All reseller platforms did not require the original sellers to provide exact information about their tickets bearing only information in relation to the date, commencing time, venue and the designated ticket zone of the show. 2 platforms would omit the official ticket price and all platforms would not show information on the printed tickets about the seat row and location, nor the terms and conditions (T&Cs) (e.g. age limit) of the event concerned. Some platforms would leave it to the sellers to decide whether or not to fill in the designated ticket zone and the seat row; individual sellers have chosen to list the seat row and number in concrete.
Further, the provision of customer service by the platforms was virtually non-existent. Indeed both the buying and selling parties have to bear considerable risks in transactions through the reseller platforms. The investigation found that though some platforms did list out the customer service hotline number or email, but when problems occurred concerning the sale and purchase of tickets, neither buyers nor sellers could get in contact with the customer service staff. In the event the tickets were lost in the mail or delay in the delivery, all 3 platforms would not undertake to guarantee refund for the buyers.
Should the tickets become invalidated, 1 platform had in its T&Cs that the sellers may have to compensate the buyers for the loss and pay a penalty of $450 to the platform. Another platform required the affected buyers to file their complaints within 48 hours of the incident, to fill out a dispute claim form and produce proof for the refund application. The sellers, on the other hand, may not obtain any fee but must also bear the buyers’ costs in finding ticket replacement.
In addition, headquarters of such platforms usually located in other countries, without specifying their local office, if any, in Hong Kong. In the case of dispute, it may involve issues of cross-jurisdiction making it difficult to pursue redress. Apart from offering ticket sales for local events, these platforms also offer ticket sales regarding major international sporting events and overseas performances. Purchasing tickets for events abroad generally involve airfare and accommodation expenses, and should any dispute occur over the tickets, the consumers are likely to suffer even bigger loss.
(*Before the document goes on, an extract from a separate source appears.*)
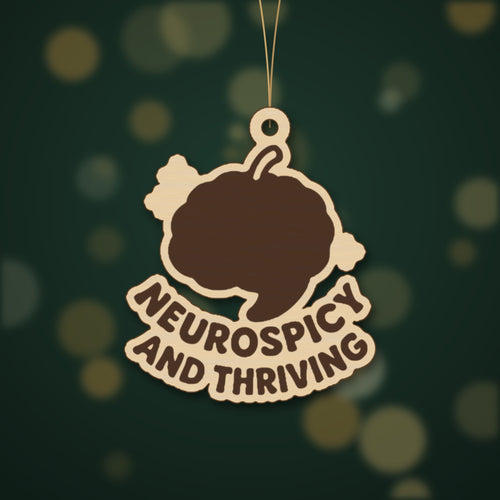 Wooden laser cut ornament with a dark brown engraved brain with a chili stem and the words Neurospicy and Thriving, hanging on a gold string against a green background with soft bokeh lights.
There is hardly any difference between the tactics of ticket reseller platforms in price profiteering and ticket scalping activities. Presently in Hong Kong the regulatory oversight on ticket scalping is confined to only licensed places of public entertainment and not applicable to places under the management of the Leisure and Cultural Services Department (LCSD). The Consumer Council is calling for a review and revision of the existing legislation by the authorities concerned to remove the grey area in the law, for the benefit sake of consumers. The Council also remind consumers to refrain from buying tickets through unofficial channels to safeguard their own rights and interests.